Around three months ago, Mr Gates....our big Pentagon boss....got around to asking some big questions on his staff, and found that a number of folks didn't know who did what. In fact, there were contractors hired but the staff under Mr Gates just didn't have a grasp of who did what or why. So he challenged them, and basically brought DISA into this discussion. At some point, they made a decision and it got explained today.
The communications folks underneath Mr Gates....will come to work for DISA. Yeah, there will be some carved off for contracting. Yep, there will be some carved off to the Cyber Command folks. But DISA ends up with this mission of supporting Mr Gates and the internal communications of his office.
I kinda felt proud of this announcement. It's like K-Mart admitting issues and asking Wal-Mart to take over operations.
Well....that lasted about a minute, until I got to the bottom of the article.
One former senior Senate defense aide questions moving any NII functions to the Defense Information Systems Agency, asking: "Why would you move parts of the most ineffectual office in OSD into DISA, which is the most inefficient organization in all of DoD?
Yeah, well, it's a fairly harsh accusation....DISA being inefficient and such.
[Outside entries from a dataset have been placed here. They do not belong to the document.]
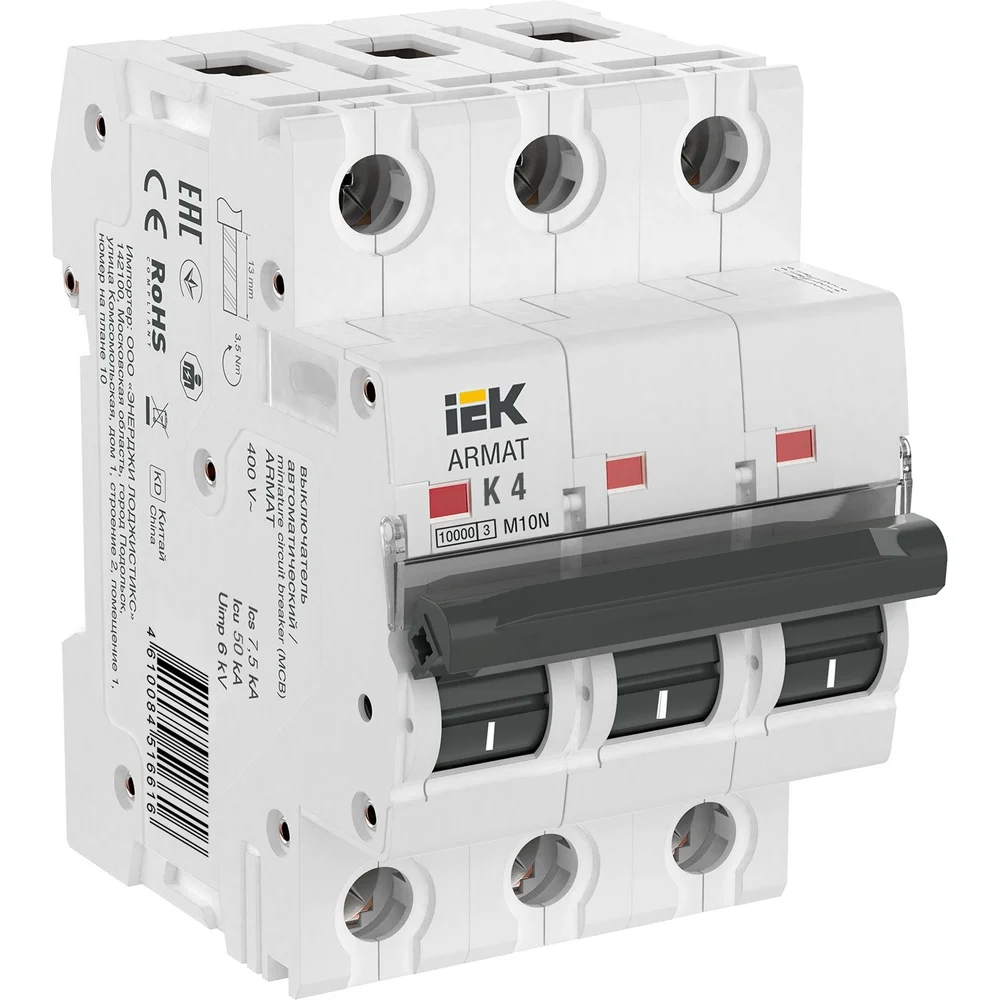Автоматический выключатель IEK armat m10n AR-M10N-3-K004
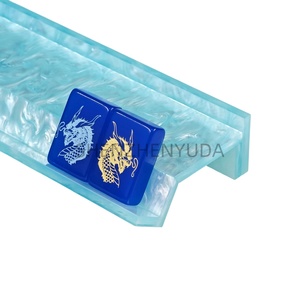 Exhibidor de Mahjong Azul Perlado Brillante, Juego de Mahjong Americano de Lujo con Empujadores de Lucite para 4 Jugadores, Juegos de Fiesta Familiar - Product Image 5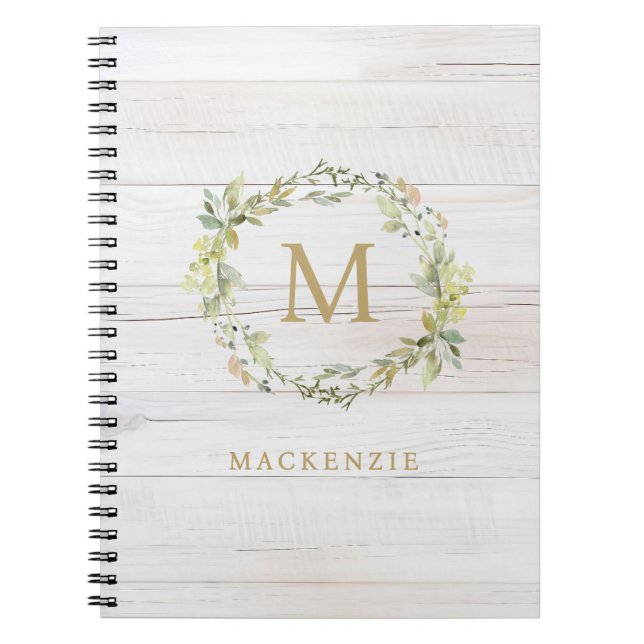 Rustic Wood Floral Watercolor Monogram Anteckningsbok (Framsidan)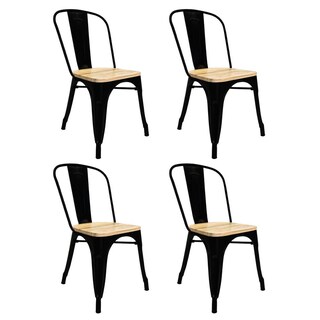 Foto 1 | Foto 1 | Set De 4 Sillas Tolix Con Asiento De Madera Metalica Acero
Yeah, well....it's hard for me after nine months to argue against this comment.
To put this in a good prospective? I sat and pondered over this, and came back to a Bama-like situation. Working around this organization is kinda like being invited over to bale some hay and haul it for some local guy. The problem occurs when we (DISA) arrive at the field of hay.
First, six guys will wander over to the baler and ask for the certificate paperwork that it's in working order.
Second, two guys around the barn will begin asking for a plan on how each bale will be laid out in the barn.
Third, one guy will halt the operation until a safety review is done.
Fourth, two guys will refuse access to the one jug of ice-water on a 95 degree afternoon because it's not marked "pure water".
Fifth and final, eight guys will refuse to move any bales until a consolidated plan is written and agreed upon by forty-four different parties (some live out of state and just couldn't make it that day).
Yeah, so I kinda understand this 'slam' on my organization. Course, this would make a great masters degree evaluation as you take one ineffective group and layer them over another ineffective group. Can we improve the ineffectiveness by fifty percent? Can we lose some of our ineffectiveness? It's a dynamic thing....which you'd best just forget and hope that things can only get better.